SUPPLIED RECORDS>

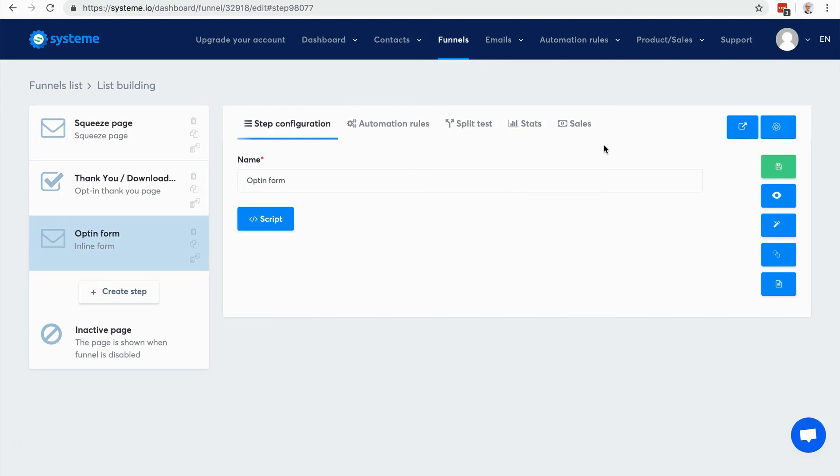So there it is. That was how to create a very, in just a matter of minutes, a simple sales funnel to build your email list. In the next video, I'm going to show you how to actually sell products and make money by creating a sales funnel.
...
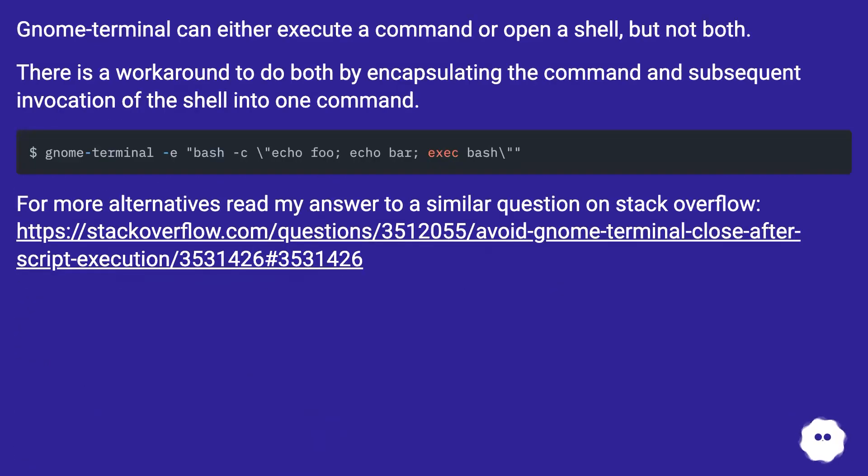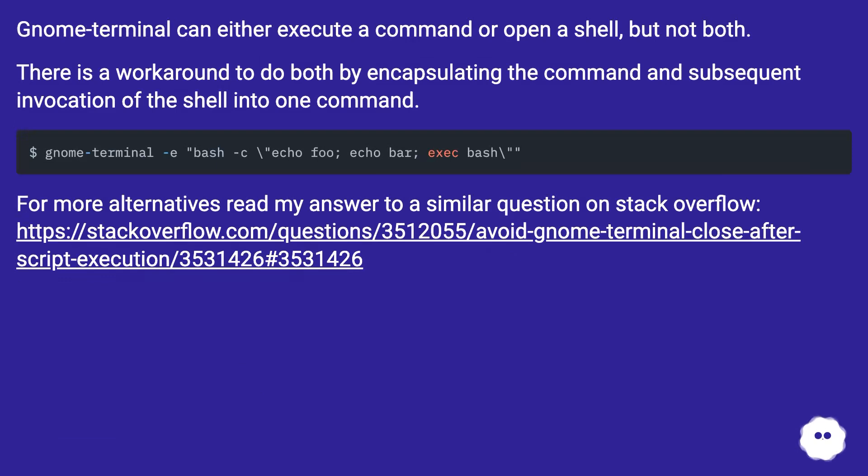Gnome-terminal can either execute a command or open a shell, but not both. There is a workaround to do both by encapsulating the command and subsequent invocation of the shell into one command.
--
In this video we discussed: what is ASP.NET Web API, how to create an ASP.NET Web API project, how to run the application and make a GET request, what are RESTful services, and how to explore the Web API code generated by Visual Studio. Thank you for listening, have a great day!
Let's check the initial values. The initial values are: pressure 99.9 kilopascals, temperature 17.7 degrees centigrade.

DIRECTIONS FOR THIS TASK>
Where the line holding "In this video" appears in the listing above, start reproducing exactly, and end with the line holding "Let's check the".

EXERCISE ANSWER>
In this video we discussed: what is ASP.NET Web API, how to create an ASP.NET Web API project, how to run the application and make a GET request, what are RESTful services, and how to explore the Web API code generated by Visual Studio. Thank you for listening, have a great day!
Let's check the initial values. The initial values are: pressure 99.9 kilopascals, temperature 17.7 degrees centigrade.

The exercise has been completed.